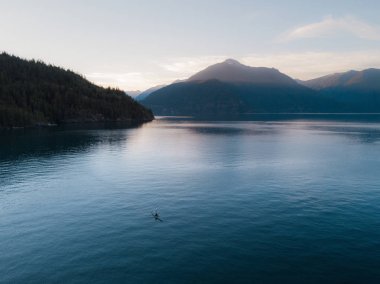 Hava atış kanocu göl günbatımı süre Dağları ile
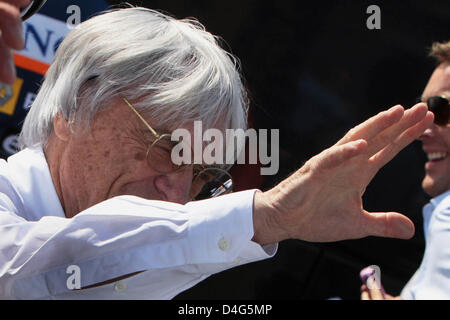 Formel 1 Supremo Bernie Ecclestone Gesten im Fahrerlager beim Silverstone Rennen Rennstrecke in der Nähe von Towcester Northamptonshire, Großbritannien, 4. Juli 2008. Die Formel 1 British Grand Prix statt findet am 6. Juli 2008. Foto: Carmen Jaspersen Stockfoto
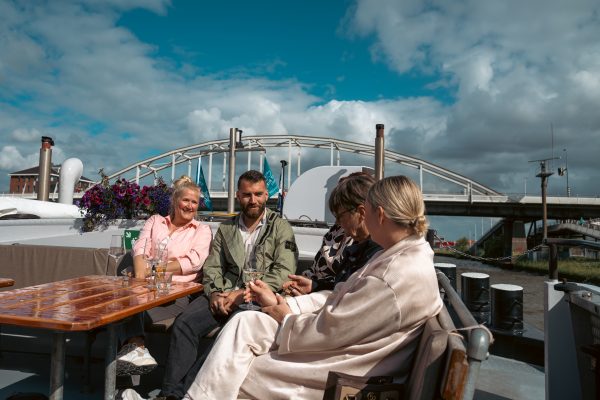 Guests on Lena Maria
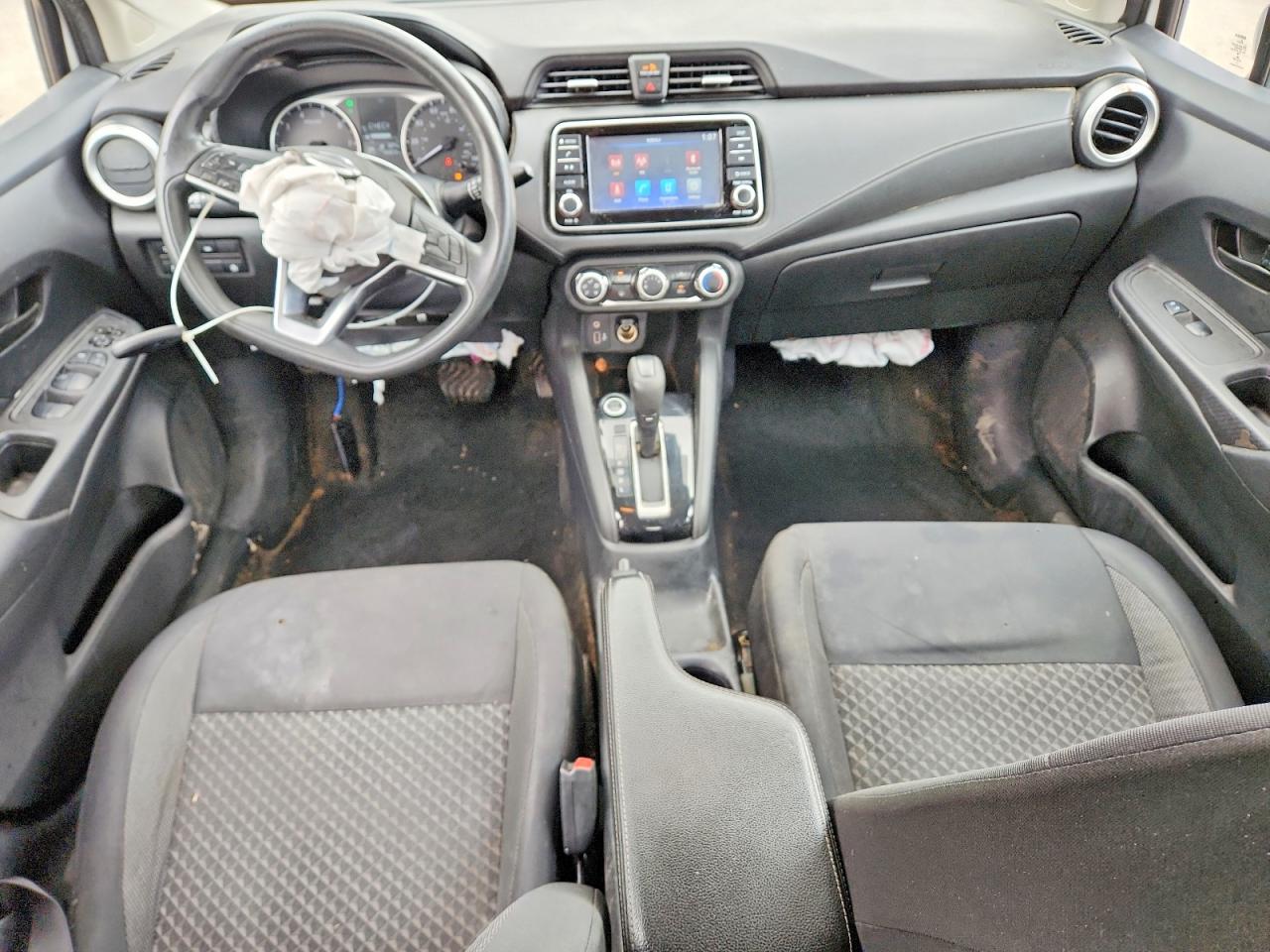 Nissan Versa S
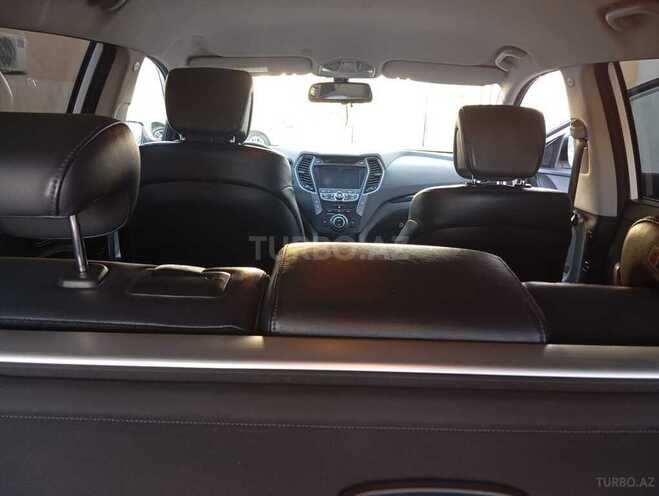 Hyundai Santa Fe-15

TO DO: Each record is to be copied word for word, with no images carried over.

EXERCISE OUTPUT:
 Hava atış kanocu göl günbatımı süre Dağları ile
 Formel 1 Supremo Bernie Ecclestone Gesten im Fahrerlager beim Silverstone Rennen Rennstrecke in der Nähe von Towcester Northamptonshire, Großbritannien, 4. Juli 2008. Die Formel 1 British Grand Prix statt findet am 6. Juli 2008. Foto: Carmen Jaspersen Stockfoto
 Guests on Lena Maria
 Nissan Versa S
 Hyundai Santa Fe-15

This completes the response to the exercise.